▶ _ABOUT THIS TASK_
For every entry below, give an exact repeat and leave out the pictures.

▶ _INPUT MATERIAL_
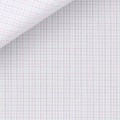 Raspberry and Navy Check 120s 2-Ply Portland Poplin Custom Dress Shirt by Hansen 1902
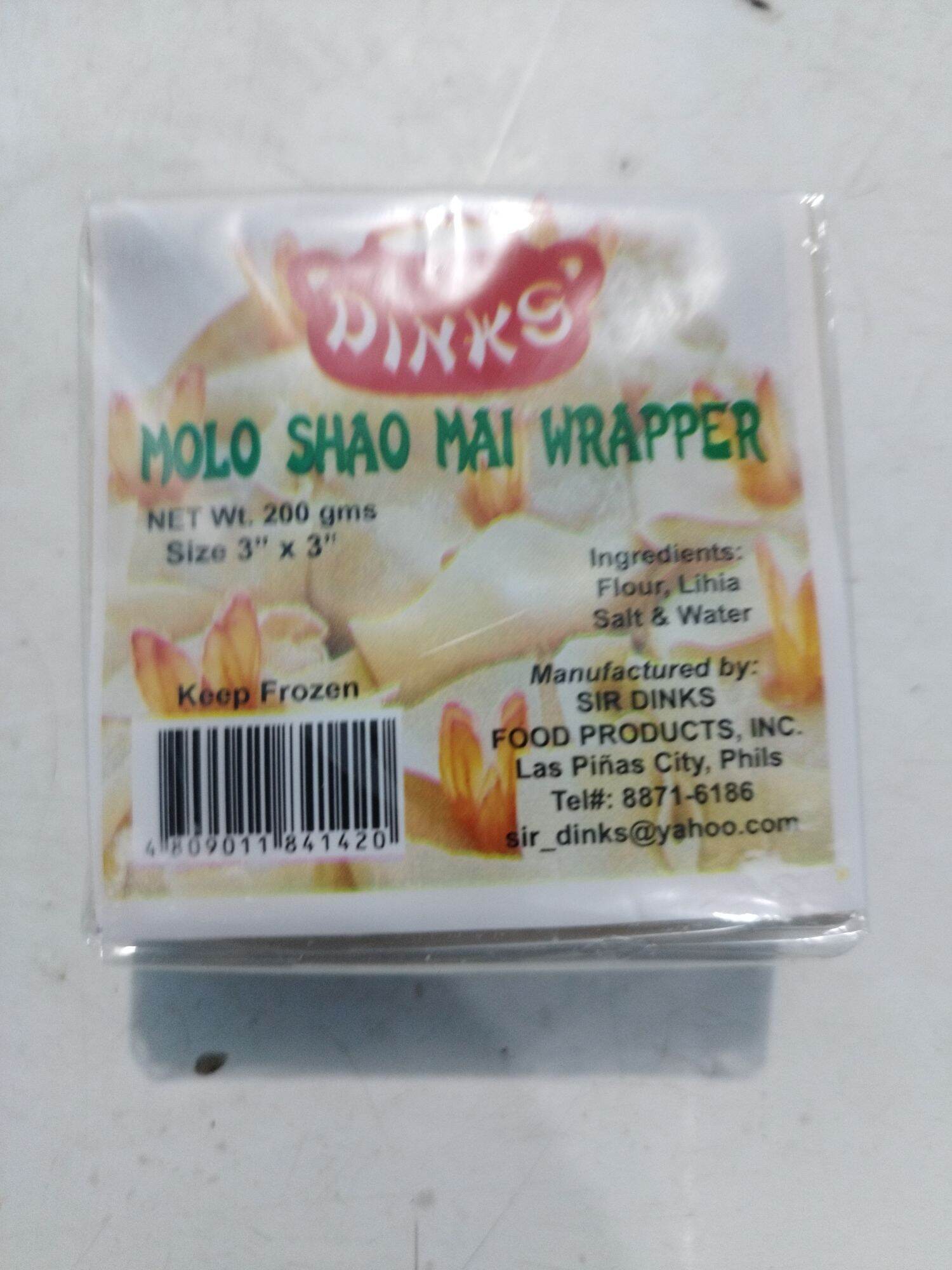 dink siomai wrapper 200 gms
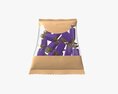 Blank Candy Plastic Package Mock Up 05 3d model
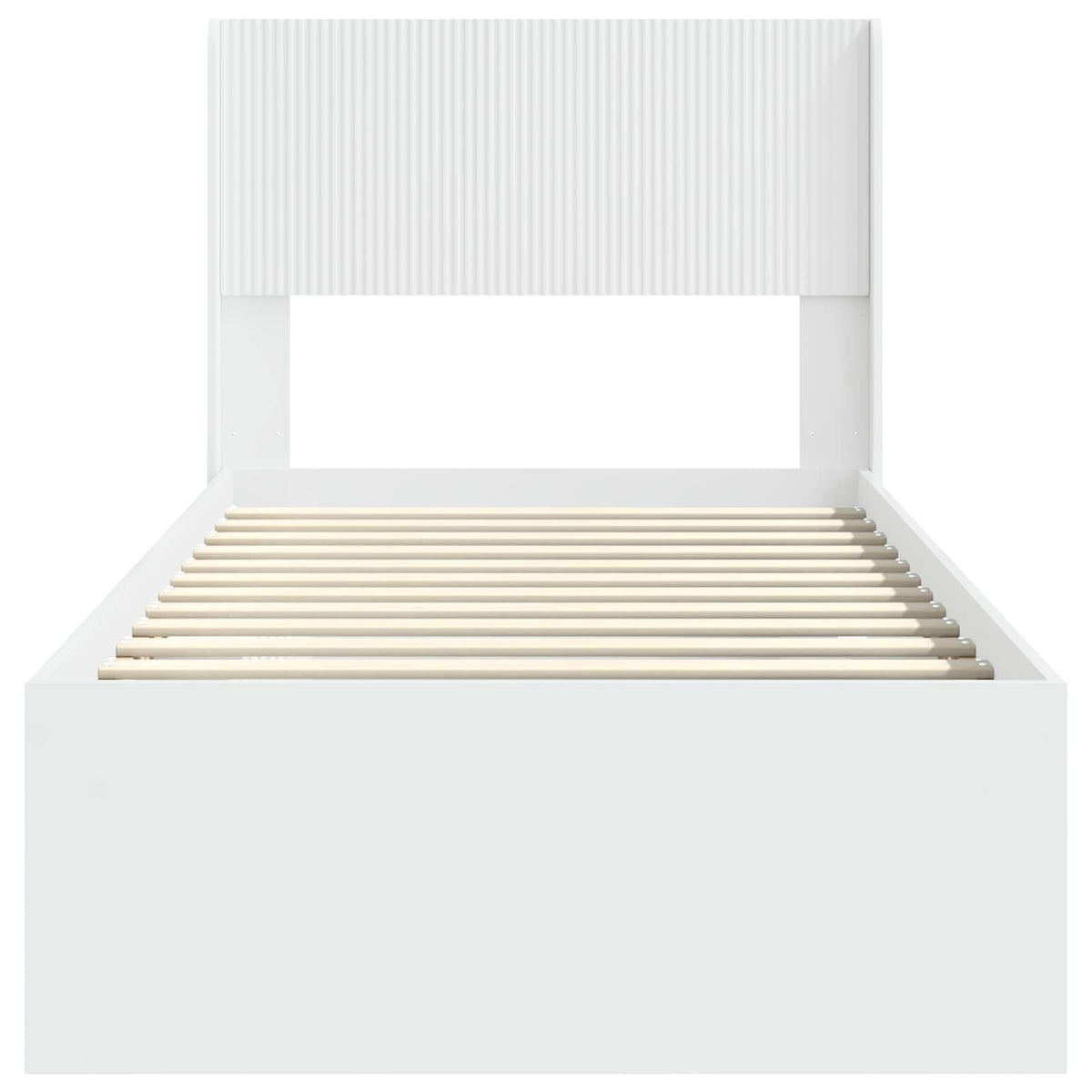 Bed Frame with Storage and Headboard 75 x 190 cm White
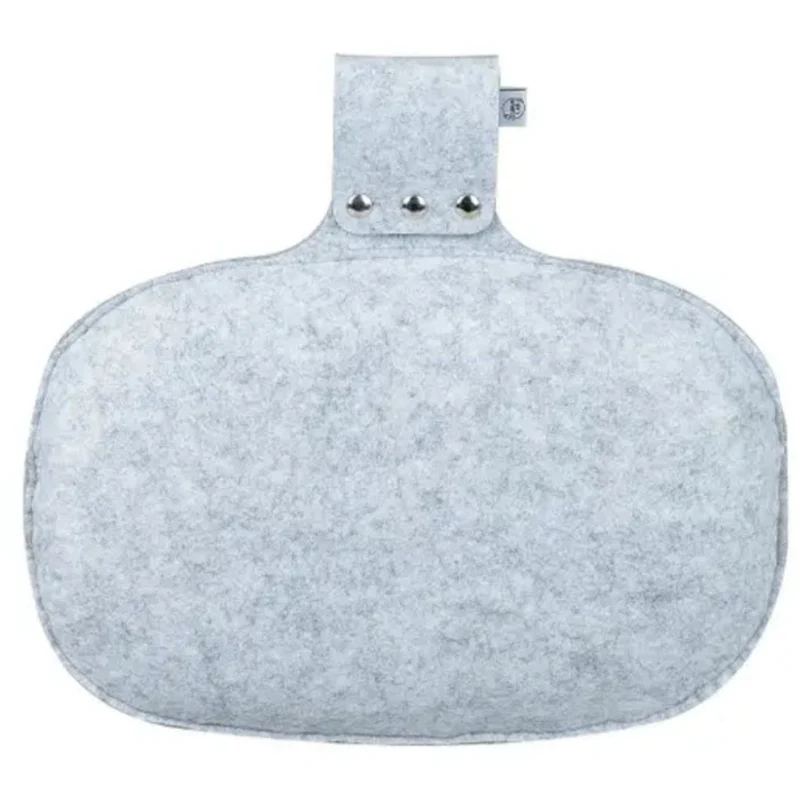 Curve Lab Light Grey Felt Pude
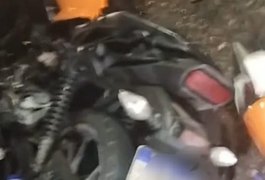 Motociclista tem perna arrancada em forte colisão na BR-316, em Pilar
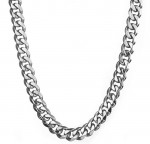 Firm Price! Brand New Stainless Steel 18" Cuban Link Chain Necklace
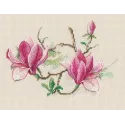 Kreuzstich-Set "Magnolienblüten" M730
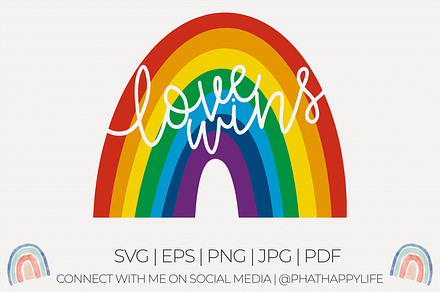 Love Wins Pride Month Cut File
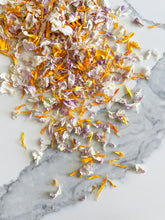Load image into Gallery viewer, Pink/Yellow Dried Flower Confetti -Edibles mix
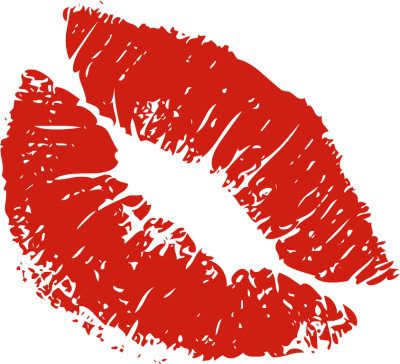 Print Fourteen Isolated Stock - Red Lips Clip Art (400x364), Png Download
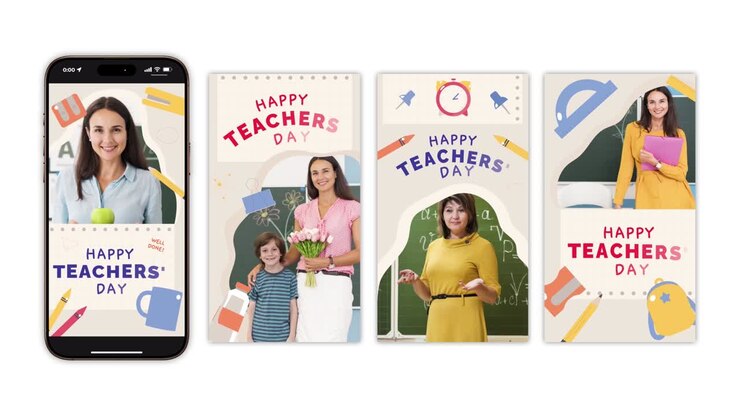 Celebrate Teachers Instagram Story Templates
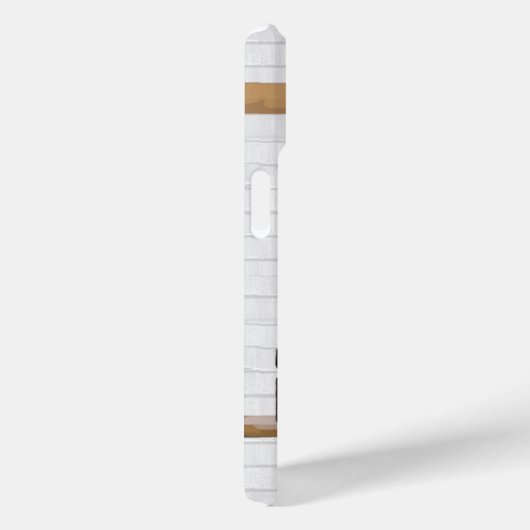 Maßgeschneidertes Design Netzball schwarz-weiß Case-Mate iPhone Hülle (Rückseite / Rechts)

▶ _WORKED SOLUTION_
 Raspberry and Navy Check 120s 2-Ply Portland Poplin Custom Dress Shirt by Hansen 1902
 dink siomai wrapper 200 gms
 Blank Candy Plastic Package Mock Up 05 3d model
 Bed Frame with Storage and Headboard 75 x 190 cm White
 Curve Lab Light Grey Felt Pude
 Motociclista tem perna arrancada em forte colisão na BR-316, em Pilar
 Firm Price! Brand New Stainless Steel 18" Cuban Link Chain Necklace
 Kreuzstich-Set "Magnolienblüten" M730
 Love Wins Pride Month Cut File
Load image into Gallery viewer, Pink/Yellow Dried Flower Confetti -Edibles mix
 Print Fourteen Isolated Stock - Red Lips Clip Art (400x364), Png Download
 Celebrate Teachers Instagram Story Templates
 Maßgeschneidertes Design Netzball schwarz-weiß Case-Mate iPhone Hülle (Rückseite / Rechts)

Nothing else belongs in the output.